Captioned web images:

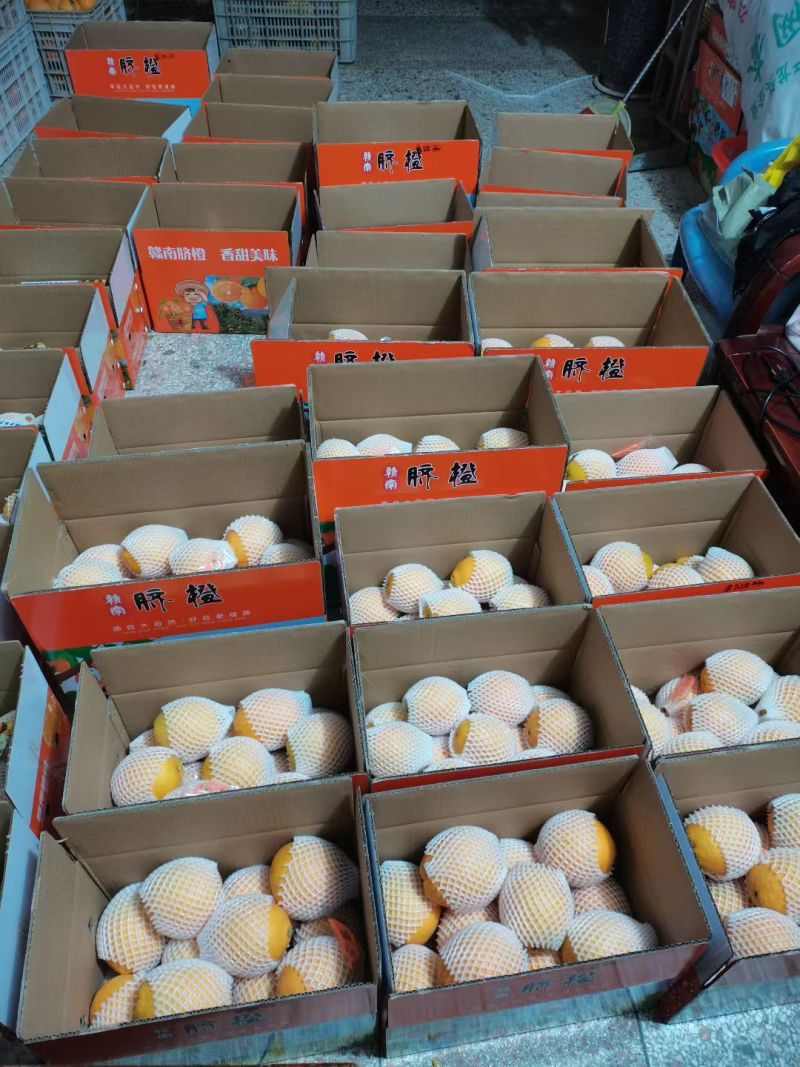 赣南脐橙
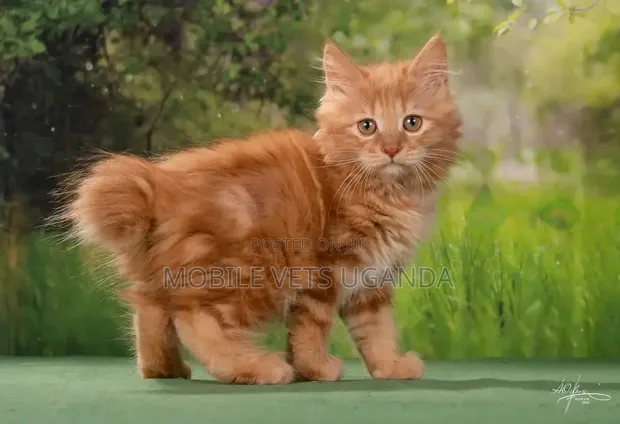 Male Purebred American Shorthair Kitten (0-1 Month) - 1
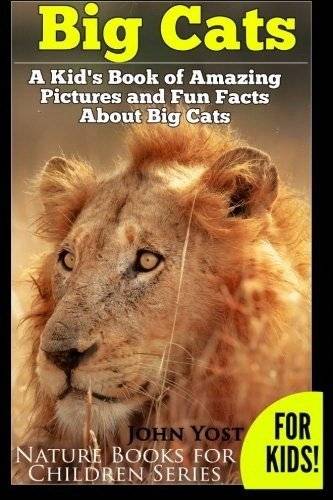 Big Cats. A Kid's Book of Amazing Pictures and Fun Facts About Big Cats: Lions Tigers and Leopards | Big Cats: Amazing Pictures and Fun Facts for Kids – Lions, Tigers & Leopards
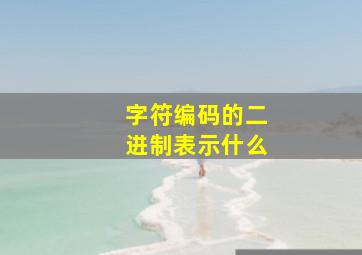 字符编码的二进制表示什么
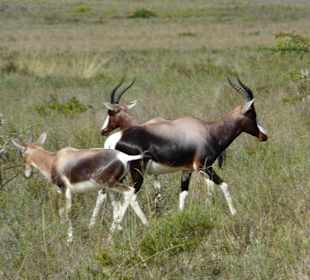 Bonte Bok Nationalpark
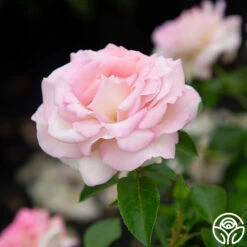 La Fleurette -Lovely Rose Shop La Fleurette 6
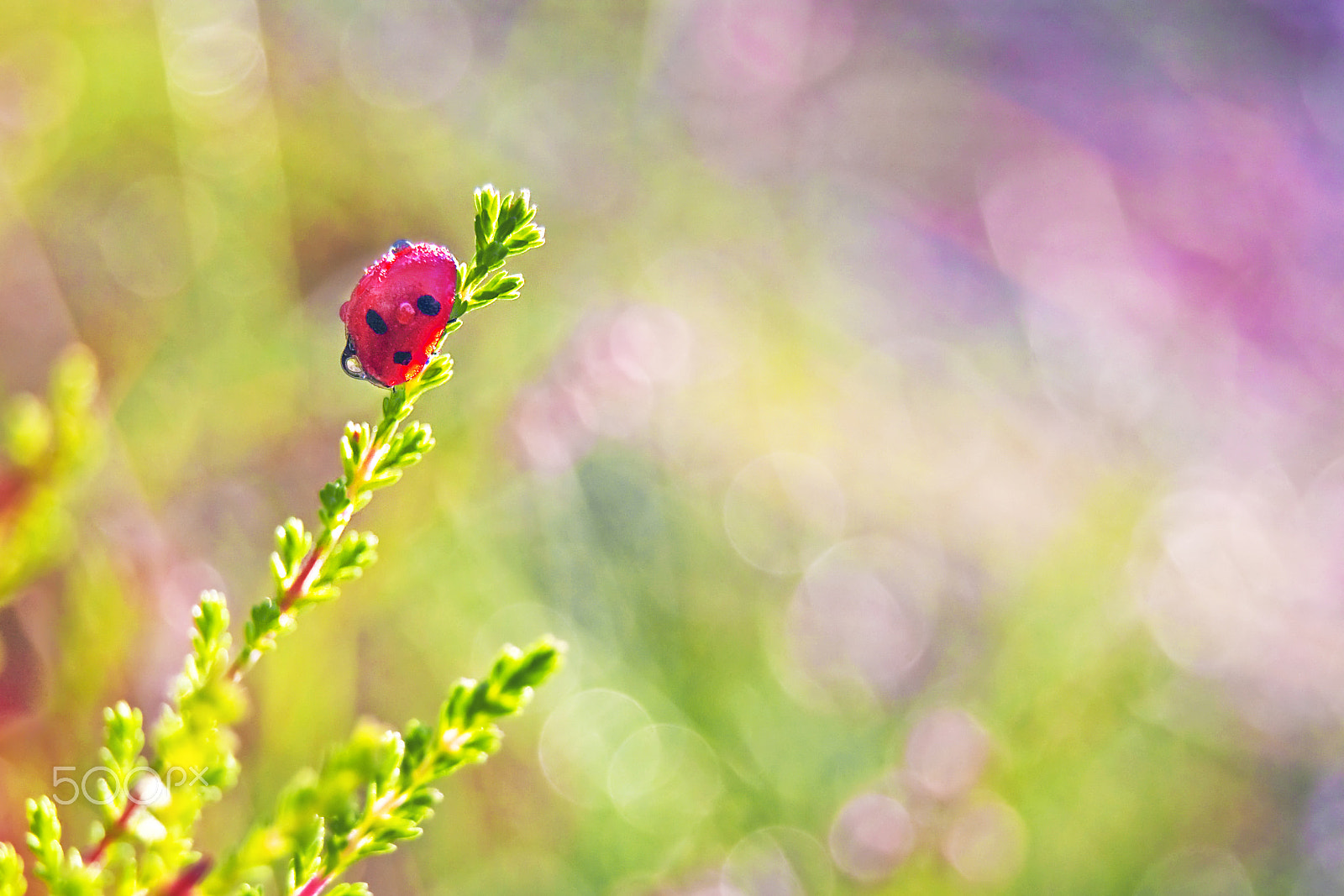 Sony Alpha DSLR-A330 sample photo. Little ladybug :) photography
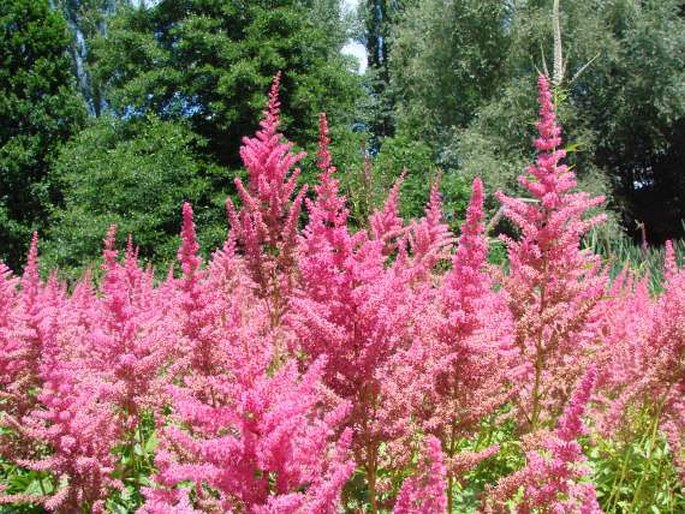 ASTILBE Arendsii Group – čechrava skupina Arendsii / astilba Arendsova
---
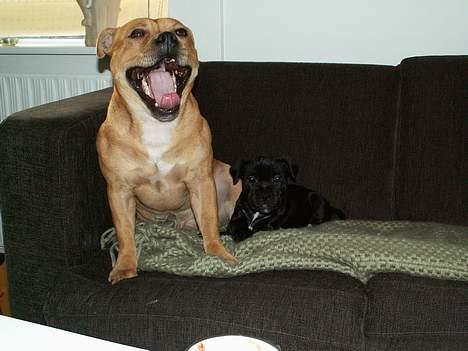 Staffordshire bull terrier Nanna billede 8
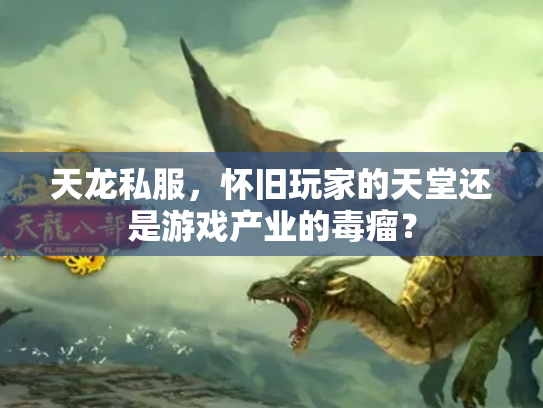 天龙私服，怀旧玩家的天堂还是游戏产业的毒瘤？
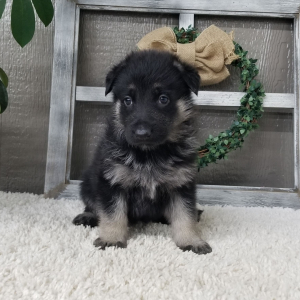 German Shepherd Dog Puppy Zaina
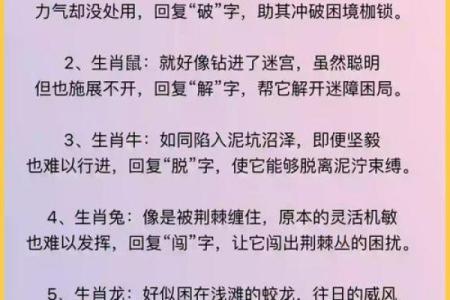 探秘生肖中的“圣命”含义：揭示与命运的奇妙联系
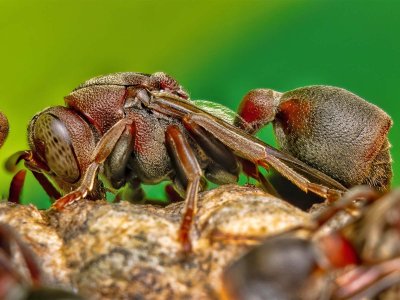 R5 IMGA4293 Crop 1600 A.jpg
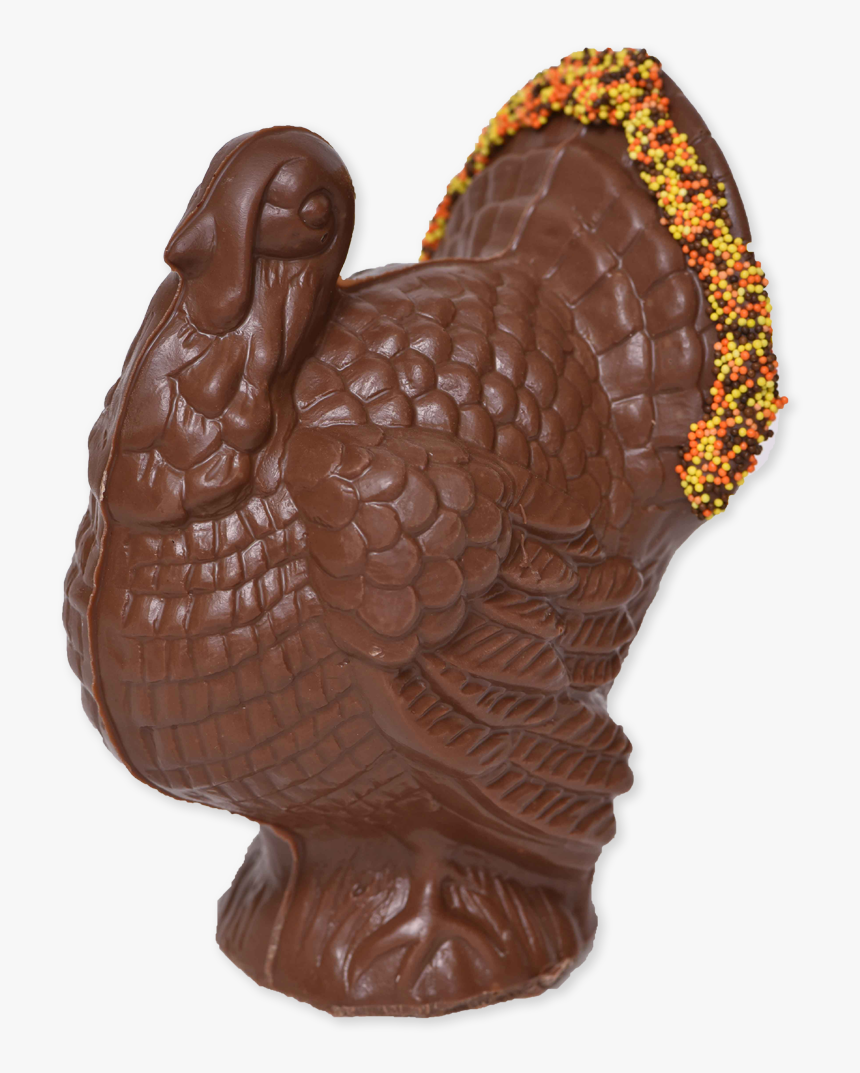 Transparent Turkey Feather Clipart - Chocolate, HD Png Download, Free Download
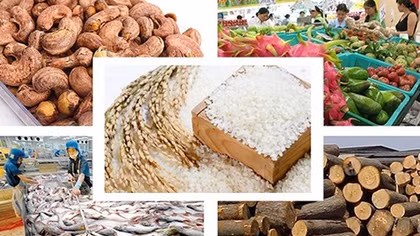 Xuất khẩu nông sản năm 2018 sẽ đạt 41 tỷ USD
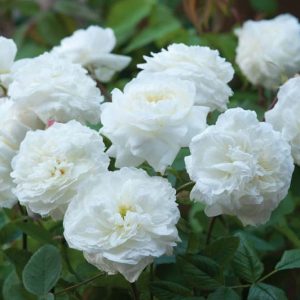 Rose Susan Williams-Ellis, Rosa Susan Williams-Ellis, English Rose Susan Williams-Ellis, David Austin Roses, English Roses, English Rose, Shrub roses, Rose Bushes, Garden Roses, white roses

WORK ITEM | Output exactly the lines above, from the line with "天龙私服，怀旧玩家的天堂还是游戏产业的毒瘤？" to the line with "Xuất khẩu nông sản năm 2018 sẽ đạt 41 tỷ USD", both included; skip the pictures.

REPLY |
 天龙私服，怀旧玩家的天堂还是游戏产业的毒瘤？
 German Shepherd Dog Puppy Zaina
 探秘生肖中的“圣命”含义：揭示与命运的奇妙联系
 R5 IMGA4293 Crop 1600 A.jpg
 Transparent Turkey Feather Clipart - Chocolate, HD Png Download, Free Download
 Xuất khẩu nông sản năm 2018 sẽ đạt 41 tỷ USD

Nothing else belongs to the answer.